Why Use One?The big advantage in using an over-the-counter jet kit is that all the homework has been done for you. Prior to the advent of kits, jetting was a by-guess-and-by-golly occupation. Many times you'd have to special order things like needles and needle jets. If you guessed wrong, it was back to the parts counter, and you'd have to wait weeks until the new stuff arrived. Jet kits remove the guesswork, and because they contain adjustable needles and a variety of jets, they allow you to fine-tune the fuel/air ratio to your exact requirements. Included in most kits is also a tech number with a real, live person on the other end to answer any questions that may arise. In most cases, there is also excellent online information available. In particular, the Factory Pro Web site (www.factorypro.com) is very good-an hour or two there can teach you an awful lot about how carburetors work and how to tune them.
What Won't A Jet Kit Do?Obviously, a jet kit won't repair a damaged engine. If your mill is low on compression, has a cracked intake boot or worn spark plugs, you can install jet kits until you're blue in the face and they won't change a thing. By the same token, if your otherwise properly running bike suddenly develops a case of "won't-idle syndrome" or manifests some other carburetor malady all by itself, chances are good that the problem is the result of something ingested, like water or a piece of dirt that's made its way into one of the jets. If that's the case a jet kit won't help nearly so much as a good cleaning.

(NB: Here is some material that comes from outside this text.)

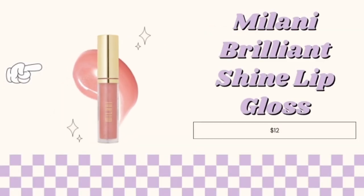Lastly is the Milani Brilliant Shine Lip Gloss. Now, this one is a little pricey, but it has great pigmentation and keeps your lips feeling hydrated for $12. And that is the end of my presentation. Thank you all for listening.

Installing The KitCarburetors are no more complicated than any other mechanical device. They do, however, have some small, delicate parts, and as such are vulnerable to rough handling and contamination from dirt. So you'll need to work on them with deliberation and in a relatively clean environment. Essentially, you'll need a clean, dry place to work, preferably with a nice, solid workbench, where you can lay out the parts and a selection of hand tools. A can of aerosol carburetor cleaner and silicone spray or WD-40 will come in handy, too.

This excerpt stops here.